There are major problems with the marginal effective tax rates (i.e. how much of each extra pound is surrendered in tax or withdrawn benefits) on low earners, which are often higher than the marginal rates on mid-earners, and are a massive disincentive to find more work. Ian Duncan-Smith's proposals will hopefully ameliorate this poverty trap.
But in no reasonable sense is someone on £15,000 paying taxes so that someone on £45,000 can receive benefits. The -marginal- rates should not be confused with the -net- effective tax rates (i.e. the ratio of the net cost or benefit of welfare payments and tax impositions to earned income), which generally increase as one goes up the income scale. Someone on £15,000 is very likely receiving more in benefits from the state than they pay in taxes, giving them a negative effective tax rate. Someone on £45,000 is almost certainly paying much more in taxes than they receive in benefit, even before the proposed change to the child benefit rules.
The untapered withdrawal of child benefit from anyone in the higher-rate tax brackets creates a rare case where the marginal rate of effective tax is over 100% and disposable income after accounting for taxes and benefits actually falls as earnings increase. People will of course respond to this perverse incentive by trying to work round it in the usual ways.

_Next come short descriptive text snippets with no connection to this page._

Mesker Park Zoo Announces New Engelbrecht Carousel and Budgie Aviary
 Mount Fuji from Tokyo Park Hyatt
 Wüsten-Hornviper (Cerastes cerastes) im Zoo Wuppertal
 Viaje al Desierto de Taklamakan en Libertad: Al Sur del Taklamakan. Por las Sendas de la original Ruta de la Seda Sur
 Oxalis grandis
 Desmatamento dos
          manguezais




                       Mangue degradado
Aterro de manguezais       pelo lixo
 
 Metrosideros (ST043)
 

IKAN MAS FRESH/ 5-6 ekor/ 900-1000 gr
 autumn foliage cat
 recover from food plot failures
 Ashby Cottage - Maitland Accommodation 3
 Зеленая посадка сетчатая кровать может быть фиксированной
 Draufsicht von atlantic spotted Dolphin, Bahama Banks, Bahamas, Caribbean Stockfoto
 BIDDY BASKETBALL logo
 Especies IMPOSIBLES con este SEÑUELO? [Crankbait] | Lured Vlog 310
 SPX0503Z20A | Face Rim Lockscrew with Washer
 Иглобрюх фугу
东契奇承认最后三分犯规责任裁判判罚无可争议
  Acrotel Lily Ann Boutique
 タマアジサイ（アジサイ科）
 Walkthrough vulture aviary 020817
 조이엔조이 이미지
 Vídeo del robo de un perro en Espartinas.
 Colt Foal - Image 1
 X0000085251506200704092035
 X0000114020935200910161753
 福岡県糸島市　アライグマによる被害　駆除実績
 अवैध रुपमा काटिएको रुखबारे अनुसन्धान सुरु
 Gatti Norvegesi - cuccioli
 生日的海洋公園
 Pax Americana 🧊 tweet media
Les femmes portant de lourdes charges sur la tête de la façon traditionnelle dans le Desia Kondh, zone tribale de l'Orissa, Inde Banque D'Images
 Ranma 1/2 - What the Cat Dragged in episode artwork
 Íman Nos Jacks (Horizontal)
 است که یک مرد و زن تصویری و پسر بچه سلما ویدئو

If someone uses this rhetoric about poor people's taxes paying for rich people's benefits, you know they are bullshitting you: knaves or fools as usual. If they want to defend the policy with any degree of intellectual integrity, they should make the case why parents earning over £45,000 should be paying an even higher effective tax-rate than they were before the change was proposed, given the 40% and new 50% rates of income tax, National Insurance, and limited number of reliefs from these burdens. They would be wrong to make this case, but at least they could do it with integrity.